If you can’t do it alone, you don’t have to.

And that’s the point, isn’t it. God has joined you (Matthew 19:6). This means He will help you keep your promises, even if your partner doesn’t change the way you want as fast as you want. Or never at all. Frankly, our expectations for our spouses often become idolatrous. We have an image in our head of what they should do or must be. But this is merely an image and an unrealistic one at that. We become obsessed with that image, losing sight of the truer, greater Relationship for which even the best marriage is only a mere shadow (See Ephesians 5:31-21.).

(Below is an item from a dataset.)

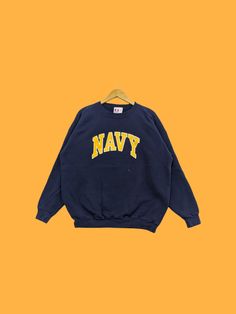 "Vintage 90s Navy spell out sweatshirts Navy crewneck navy sweater pullover big logo streetwear sport blue colour size xx-large Brand Name :- navy 📌 Tag Size :- Fit XXLarge Manual Measurement :- WIDTH (armpit to armpit) :- 25\" inches  LENGTH (shoulder to end of garment) :- 29\" inches  SLEEVE (shoulder to end of sleeve) :- 21\" inches  Condition :- Good Condition 8/10. Minor Defect Refer Picture. 📮DHL EXPRESS = 7-10 business day arrived 🔥SALE SALE SALE🔥" Navy Crewneck, Navy Sweater, Sale Sale, Sweater Pullover, Navy Sweaters, Sports Top, Blue Colour, Dhl Express, Vintage 90s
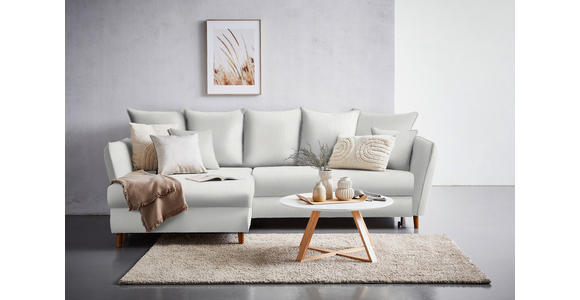 ECKSOFA in Webstoff Creme 284/162 cm - Eichefarben/Creme, KONVENTIONELL, Holz/Textil (284/162cm) - Carryhome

Your spouse can never be for you what God was meant to be. The joy or security of any marriage is secondary, an added blessing at best, and perhaps an added challenge in a pandemic. But like ancient Israel, after a purifying trial, we “will lean on the LORD, the Holy One of Israel, in truth (ESV, Isaiah 10:20).” So acknowledge your struggles, count your blessings, and keep your promises. If things are good and getting better, be grateful. If things are bad and getting worse, still be thankful.

Because His love is being poured out on you. And, hopefully, through you.